┌─ INPUT DATA

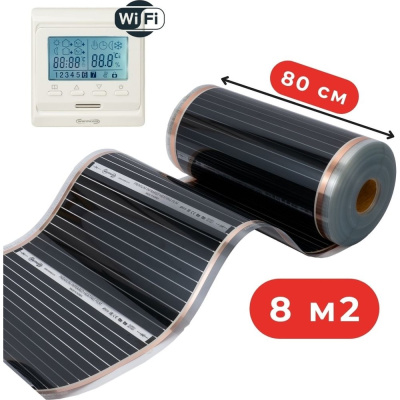 Пленочный теплый пол Warmcoin + W51 WHITE Wi-Fi, 220Вт/м.кв., ширина 0,8 м, 8м2 Пл 51Wi-Fi 220Вт 80см 10мп
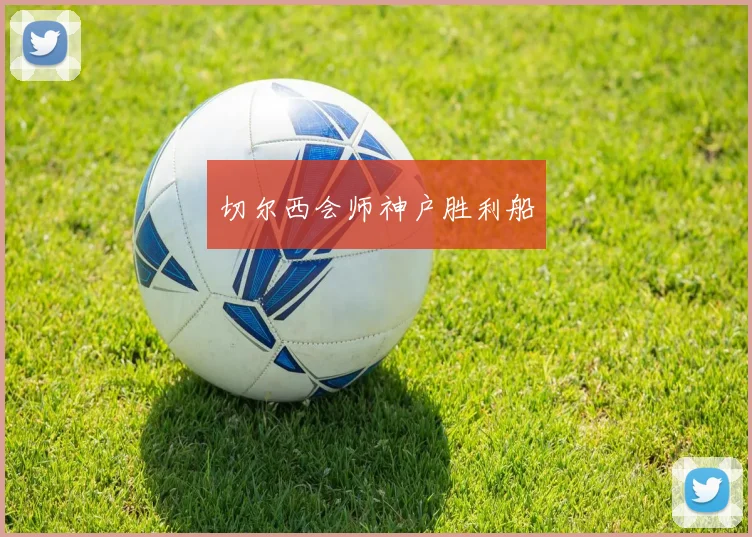 切尔西会师神户胜利船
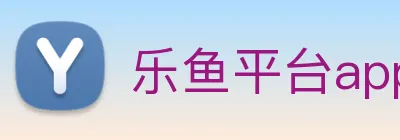 乐鱼平台app下载安装 logo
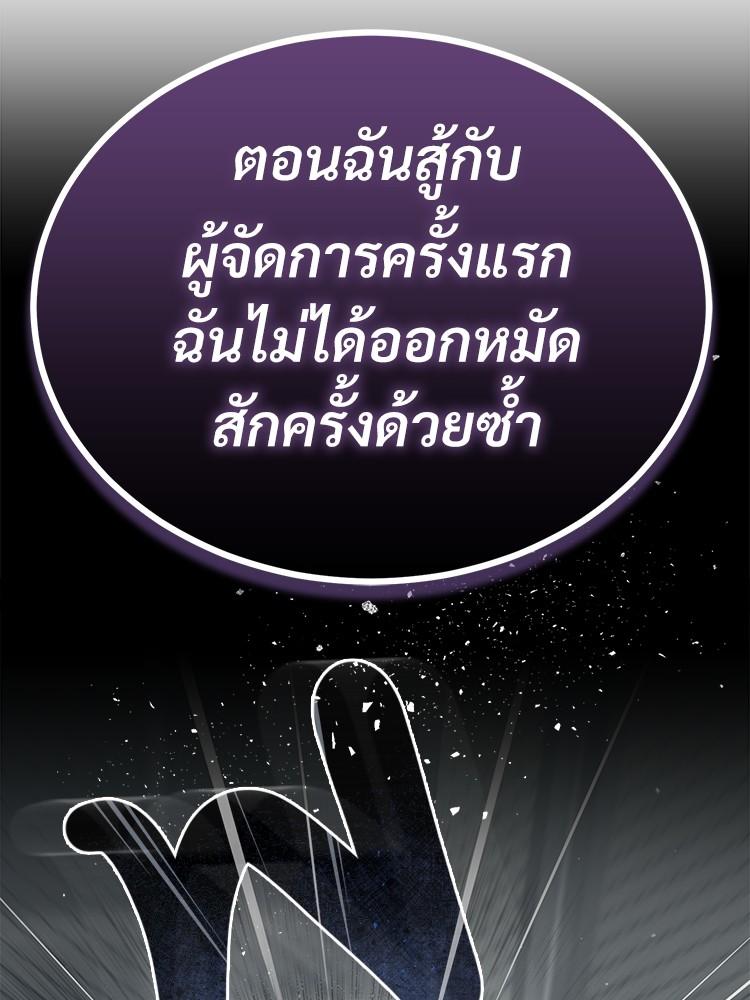 Devil Returns To School Days ตอนที่ 41 110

└─

*WHAT IS EXPECTED*
Output, word for word, the full listing above, with no pictures.

*SOLVED PROBLEM*
 Пленочный теплый пол Warmcoin + W51 WHITE Wi-Fi, 220Вт/м.кв., ширина 0,8 м, 8м2 Пл 51Wi-Fi 220Вт 80см 10мп
 切尔西会师神户胜利船
 乐鱼平台app下载安装 logo
 Devil Returns To School Days ตอนที่ 41 110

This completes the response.